デ・メオCEOは、「リコンケリング(ReconKering. ケリングの再構築)」と題した戦略を発表した。これによると計画は3つのフェーズに分かれている。最初は2026年末までに構造改革を完了し、28年末までには持続可能な成長を目指す再建フェーズに移行、最後は30年末までに「次世代ラグジュアリーにおけるリーディングカンパニーとしての地位」を取り戻すことを目指している。「リコンケリングは、ラグジュアリーの未来像を受け入れつつ、ケリング独自の強みを再認識するための取り組み。真のラグジュアリーこそが私たちの使命であり、次世代ラグジュアリーこそが私たちの目指す未来だ」とした。
具体的には、まず抜本的なリストラの一環として、年内に少なくとも100店舗を閉鎖する。このリストラでは、「マックイーン(McQUEEN)」を除く全ブランドの成長回復と利益率改善を目指す。さらには最高デジタル・AI・IT責任者の任命、ハイジュエリー専門部署の創設などに取り組む。
プレタポルテからジュエリー、
アイウエアまで各ブランドの計画は?
こうした計画に加えて、各ブランドについては、次のような進化を図るとしている。
「グッチ(GUCCI)」:「グッチ」らしさを象徴する要素に焦点を絞り、明確なクリエイティブ・ディレクション、規律あるコード、そして文化的影響力を持つ活性化されたヘリテージを基盤に魅力を再燃させる。レザーグッズの強化に始まり、より一貫性のあるプレタポルテ、シューズ、ジュエリーに至るまで、あらゆるカテゴリーで製品構成を再構築し、より高い品質基準で支えている。

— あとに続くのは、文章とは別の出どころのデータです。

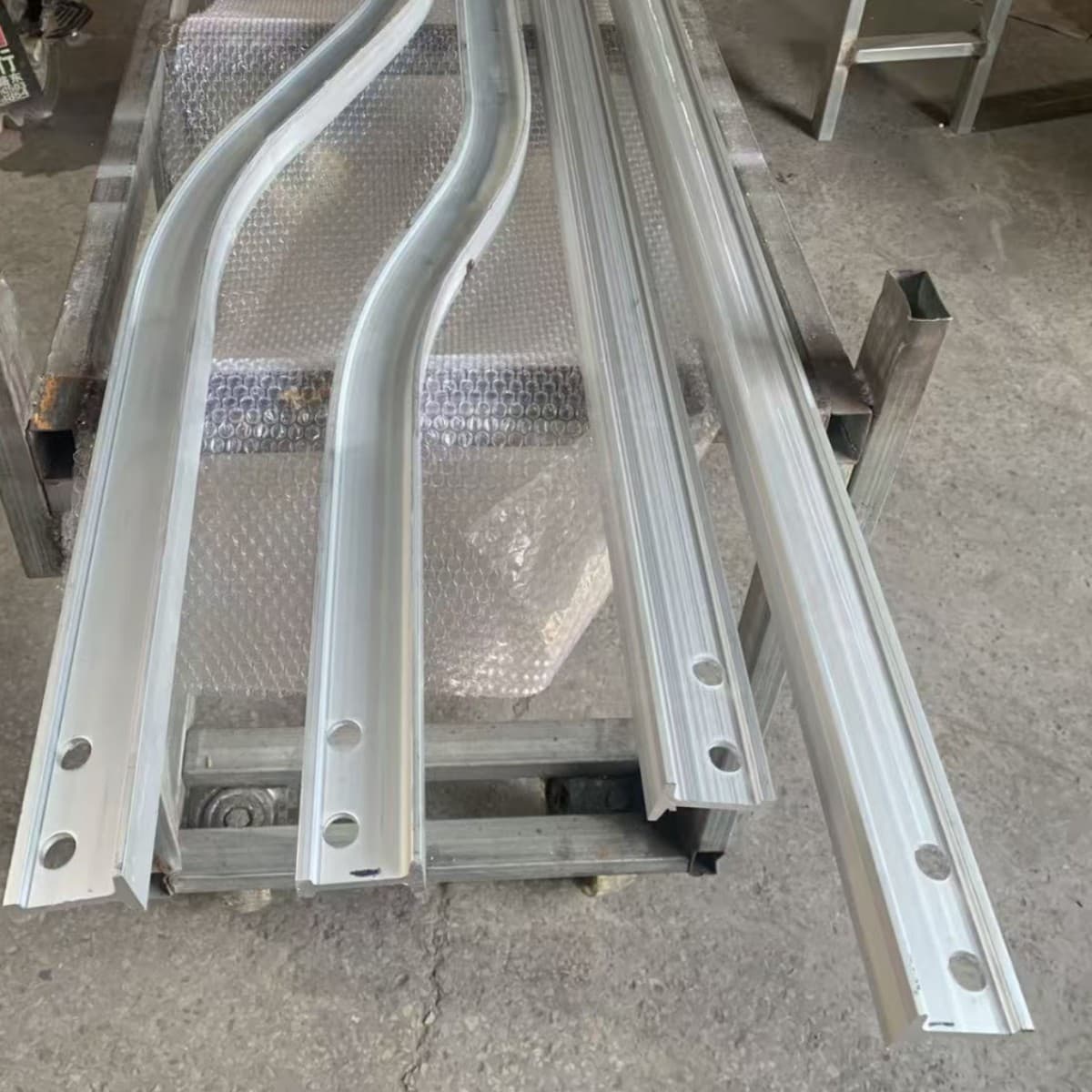 Iron tower teaching tower anti-fall device guide rail anti-fall ladder T-shaped track slider anti-fall device self-locking device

「サンローラン(SAINT LAURENT)」:確固たるファッションの権威、明確なコードそして非常に魅力的なシルエットをさらに際立たせる。ブランドの表現を多様化させ、デイウエアを拡充してメンズラインを強化、レザーグッズをより洗練されたものにするとともに、特にアジアに重点を置く。
「ボッテガ・ヴェネタ(BOTTEGA VENETA):控えめさ、抑制、そして自信に根ざした個性的なラグジュアリーのビジョンを拡大しつつ、妥協のない本質を維持。グループにおける真のラグジュアリーの象徴としての役割を強化し、時代を超越したクラフトマンシップ、耐久性、文化的深み、そして長期的な価値創造に根ざした哲学を表現。レザーグッズにとどまらず、ウィメンズとメンズのトータルワードローブへとブランドの表現を広げ、象徴的なイントレチャートの魅力を高め、主要市場における文化的認知度を深める。

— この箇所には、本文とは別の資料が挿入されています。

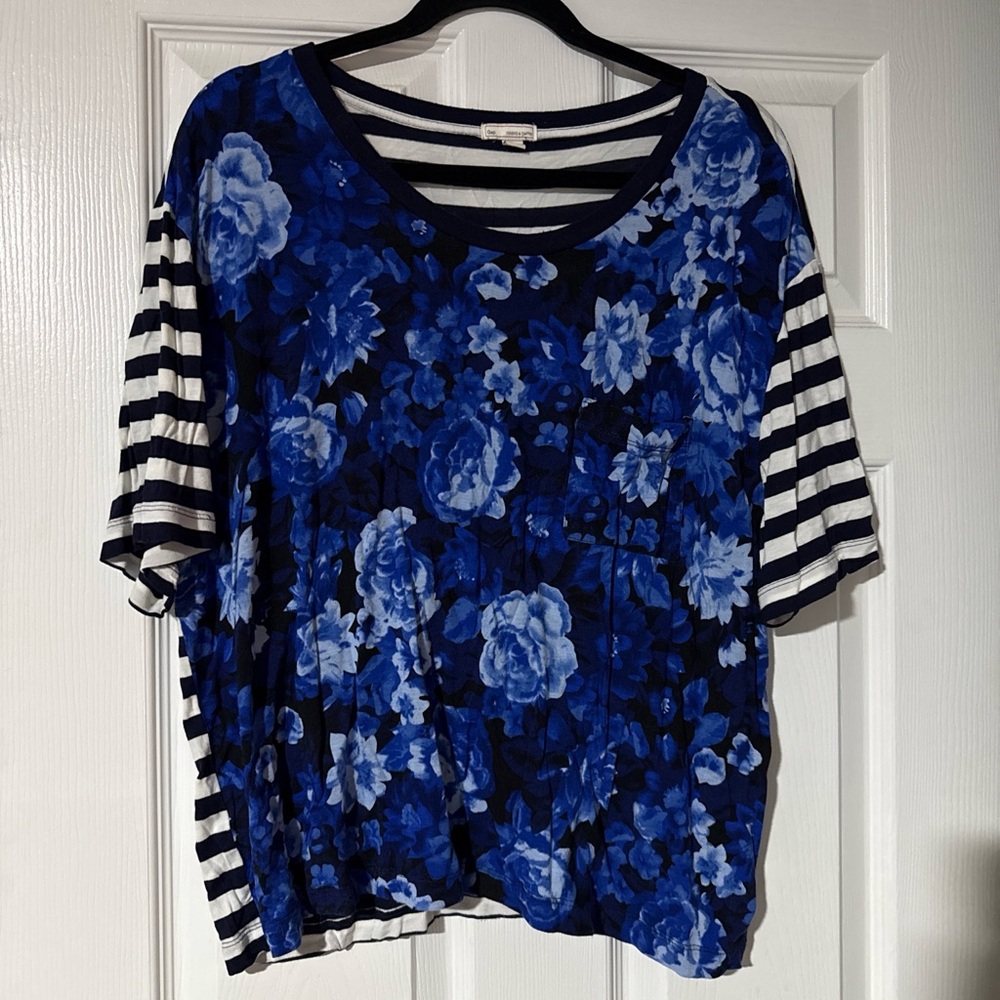 GAP Blue Floral Front with Navy & White Stripe Short Sleeve Top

「バレンシアガ(BALENCIAGA)」:クチュールの卓越した技術と文化的意義を融合させた独自の強みを活かし、イノベーションの原動力としての役割、次世代のラグジュアリー消費者に向けた重要な架け橋としての役割を強化する。ウィメンズラインの規模拡大とレザーグッズの強化によってバランスを取り戻すことに重点を置き、メンズビジネスの強固な基盤をさらに発展させ、アジア以外にも地理的なプレゼンスを拡大する。

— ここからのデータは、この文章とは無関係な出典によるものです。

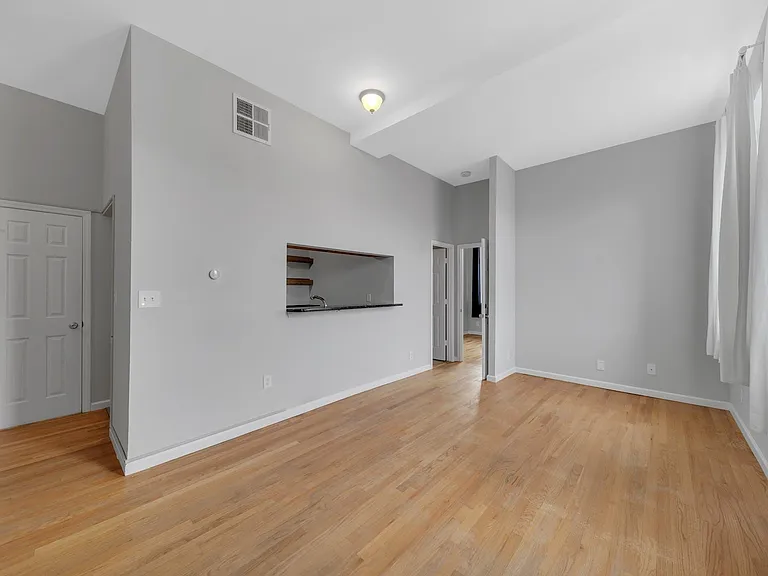186 Wayne St #321D — Photo 3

「マックイーン」:メゾンのシャープな英国仕立てのアイデンティティに再び焦点を当て、ウィメンズのプレタポルテ、テーラリング、イブニングウエアを核とし、一貫性のあるレザーグッズやシューズ、アクセサリーでそれを支える。ブランドは、よりスリムで規律のあるモデルへと再構築し、コレクションの絞り込み。適切な規模の小売ネットワークと組織へと移行する。
「ブリオーニ(BRIONI)」:イタリアのサルトリアにおけるリーディングブランドとしての地位を再確認し、比類なき職人技、マエストリアテーラリング、そしてますます洗練されるライフスタイルワードローブを通して、超高級ブランドとしての地位を強化。厳選された特別な体験を通してエクスクルーシブ性を維持するとともに、カスタマイズとフィット感における卓越した技術で、地位を確固たるものにする。
ケリング・ジュエリー:「ブシュロン(BOUCHERON)」「ポメラート(POMELLATO)」「ドド(DODO)「キーリン(QEELIN)」を統一したジュエリー事業のもとに統合することで、各メゾンのクリエイティブなアイデンティティを強化すると同時に、規模と一貫性の向上を実現。ジュエリーメゾンの成長を加速させるだけでなく、ファッションハウスにとっても大きな可能性を切り開く。
ケリング・アイウエア:15ブランドのポートフォリオと強力な産業力およびデザイン力を基盤とした統合型ラグジュアリーアイウエアプラットフォームを推進し、ラグジュアリースマートアイウエアのリーダーを目指す。グーグルとのパートナーシップのもと、コネクテッドアイウエアを真のラグジュアリー体験へと高め、各メゾンにおけるクラフツマンシップ、デザインにおけるリーダーシップ、そして有意義な機能性を融合させる。
ケリング・ネクスト:新たな価値創造領域にアプローチすることでラグジュアリーの境界を拡大。「ジノリ1735 (GINORI 1735)」を文化的なデザインメゾンとして強化することから、ロレアルとの戦略的パートナーシップを通じてブランドのビューティにおける潜在能力を最大限に引き出すこと、そしてロンジェビティ&ウェルネス分野における長期的な機会を創出することまで、多岐にわたる。
アナリストからは
厳しい評価も
ケリングの2026年1〜3月期(第1四半期)決算は、売上高が前年同期比6.4%減の35億6800万ユーロ(約6636億円)だった。なお、現地通貨および既存店ベースでは横ばい。地域別での売上高は、北米が同9%増だったものの、西欧は同7%減、日本を除くアジア太平洋地域は同4%減、日本は同3%減だった。苦戦する「グッチ」の売上高は同14.3%減の13億4700万ユーロ(約2505億円)と市場予想を下回っている。
これを受けてアナリストからは、「(デムナによる)新たなクリエイティブ・ディレクションによる効果は、投資家が当初期待していたよりも現れにくい状況だ」「事業再編は以前に比べて複雑化し、時間も費用もかさみ、株式市場への適合性も著しく低下している」などの意見が相次いでいる。